Sonuç olarak asgari ücretle çalışanları, 3 milyonluk işsizlik ordusunu ve ailelerini düşündüğümüzde Türkiye’de on milyonlarca insan sefalete mahkûm bir şekilde yaşamak zorunda bırakılıyor.

Sözde sigorta primlerini eksik yatırmanın, kayıt dışı işçi çalıştırmanın, asgari ücretten az maaşla işçi çalıştırmanın cezaları var. Hepsi de komik cezalar… Patronlar cezaları ödese de kârına kâr katmaya devam ediyorlar. Mesela asgari ücretten düşük maaşla işçi çalıştırmanın cezası aylık 167 lira.
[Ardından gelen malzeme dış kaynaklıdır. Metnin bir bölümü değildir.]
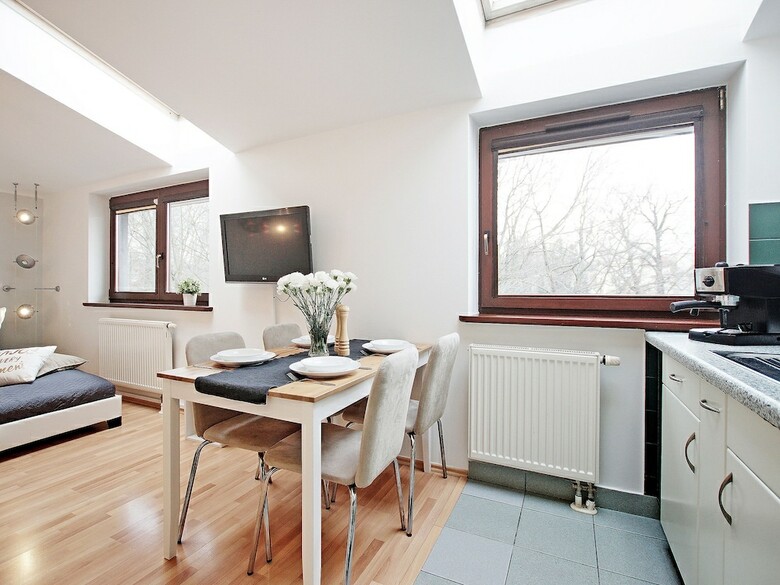 Apartamentos Little Home - Paris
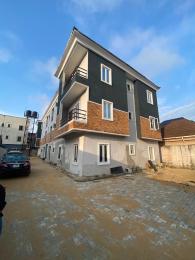 3 bedroom Block Of Flats For Rent Ikate Lekki Lagos Ikate Elegushi Lekki Lagos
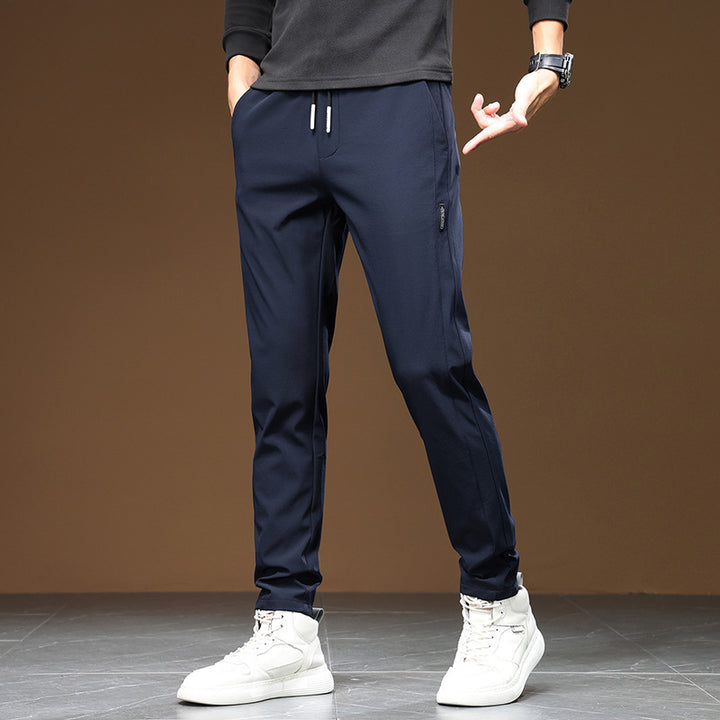 Functional sports jogging pants for men Lune London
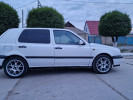 Volkswagen Golf 1995 года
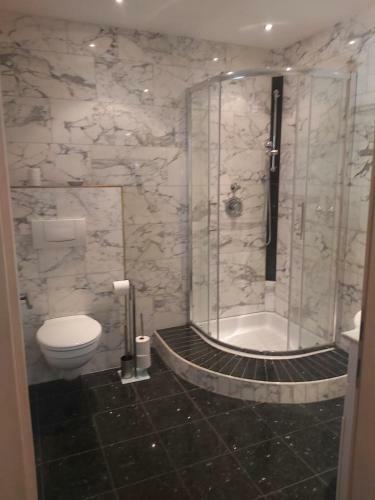 Apartamento Wohnstrasse 11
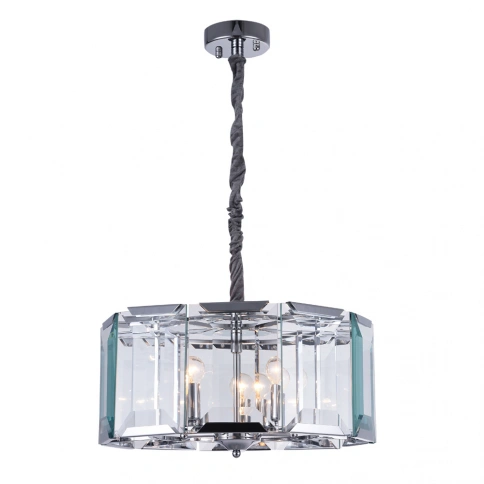 Подвесная люстра Divinare OSTIN 1100/02 SP-5 фото 1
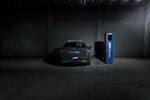 Der BMW i4 M50 ist das neue Safety-Car der MotoE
Patronlar 1.404 lirayı çok görüyor. Ya zorunlu fazla mesailer, çalışma saatlerinin uzatılması ile sorunu çözüyorlar ya da verdikleri parayı elden veya ek kart ile geri alarak. Her koşulda asgari ücretin altında milyonlarca işçi çalışıyor, sermayeyi büyütmeye, ömrünü tüketmeye devam ediyor.

“Maaşı bankadan çekince üstünü getir” tehditleri özellikle tekstil sektöründe çok yaygın. Şimdi de birçok tekstil atölyesinde işçilerin hesap kartlarına ek kart çıkartan patronlar hiç yorulmadan bankaya yatırdığı maaşın bir kısmını yatırır yatırmaz geri çekiyor.
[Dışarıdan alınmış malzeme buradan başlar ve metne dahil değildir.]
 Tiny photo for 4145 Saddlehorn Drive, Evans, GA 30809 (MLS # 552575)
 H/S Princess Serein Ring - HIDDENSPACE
Ek kart uygulamasını, asgari ücretin altında çalıştırılmalarını BİMER’e şikayet eden işçiler ise elleri boş dönüyor. Patronların baskısından korkan işçilerin bir kısmı sahte isimlerle başvuru yapıyor. Devlet bu başvurular karşısında patronu koruyor.

Asgari ücretin altında işçi çalıştırıldığına dair ses kaydının olduğu şirketlerde, BİMER üzerinden şikayetler ve başvuruların olduğu şirketlerde Çalışma ve Sosyal Güvenlik Bakanlığı’nın müfettişleri tüm çalışmaların yasalara uygun olduğu yönünde raporlar hazırlıyorlar.

Sermaye devletinden ve kurumlarından da sermayedarları korumasını beklemek gerekmez mi? Açlık ve yoksulluk sınırının altında asgari ücret belirleyen hükümetin patronları koruması-kollaması doğal değil midir?

Bütün bunların karşısında halen susmamız, ayağa kalkmamamız şaşırtıcıdır. Bir ömrü açlıkla geçirip, patronların sermayelerini arttırarak yaşamak ve çocuklarımıza, torunlarımıza, gelecek nesillere daha da ağır çalışma koşullarını bırakmak asıl şaşılacak olandır.